Most of us have a few people in our lives that appear as though they’ve downed three shots of espresso every time we see them. They are usually great fun and make us laugh. However, the hyperactivity isn’t what you need if you haven’t slept well in a few weeks and are trying to calm down your body and mind. Same goes with places. I don’t dare step foot inside the mall, for example, between Halloween and New Year’s. There is just too much stuff being forced in front of my face. I also hate Toys-R-Us. I still have nightmares about the time my husband pressed three dozen Tickle Me Elmos and the entire shelf began to shake.

4. Pay Attention to Your Body and Breathe Deeply

Before attending the mindfulness-based stress reduction (MBSR) program modeled after the one developed by Jon Kabat-Zinn at the University of Massachusetts Medical Center, I did not pay attention to my body’s cues preceding a hypomanic episode. In fact, it was usually another person who would point out the embarrassing truth — like the time my editor wrote a letter to my doctor after I started publishing eight blogs a day thinking my traffic would go up. Now, though, when my heart races and I feel as though I have consumed eight cups of coffee, I know this is my opportunity to reverse my symptoms by doing lots of deep breathing exercises.

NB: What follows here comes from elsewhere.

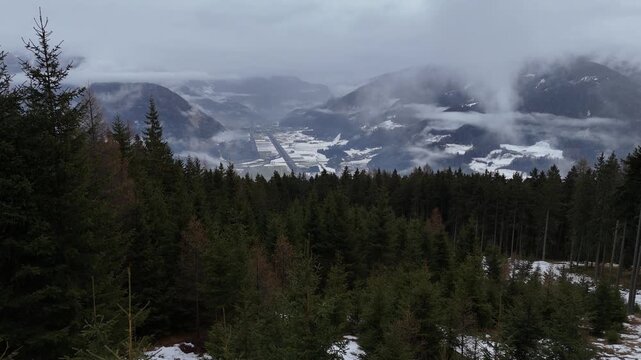 Cinematic Drone Forward Flight Over Alpine Pine Forest Toward Vipiteno Town in South Tyrol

Of all the automatic functions of the body — cardiovascular, digestive, hormonal, glandular, immune — only the breath can be easily controlled voluntarily, explain Richard P. Brown, MD, and Patricia L. Gerbarg, MD, in their book The Healing Power of the Breath. They write:

By voluntarily changing the rate, depth, and pattern of breathing, we can change the messages being sent from the body’s respiratory system to the brain. In this way, breathing techniques provide a portal to the autonomic communication network through which we can, by changing our breathing patterns, send specific messages to the brain using the language of the body, a language the brain understands and to which it responds. Messages from the respiratory system have rapid, powerful effects on major brain centers involved in thought, emotion, and behavior.

5. Eliminate Caffeine

A good caffeine rush mimics hypomania. You feel more alive, more alert, like you could actually contribute something of worth to the world. That’s all fine and dandy except when you are teetering on the hypomanic edge. Caffeine can provide the ever-so-subtle push to the other side, especially if you aren’t sleeping well, which is when most people most crave caffeine. Stephen Cherniske, MS, calls caffeine “America’s number one drug” in his book Caffeine Blues because of the withdrawal our body goes through three hours after we’ve drank a cup of coffee or a Diet Coke. Persons with bipolar are even more sensitive to amphetamine-like substances that raise dopamine levels, so the safest way to prevent hypomania is to eliminate the stuff altogether.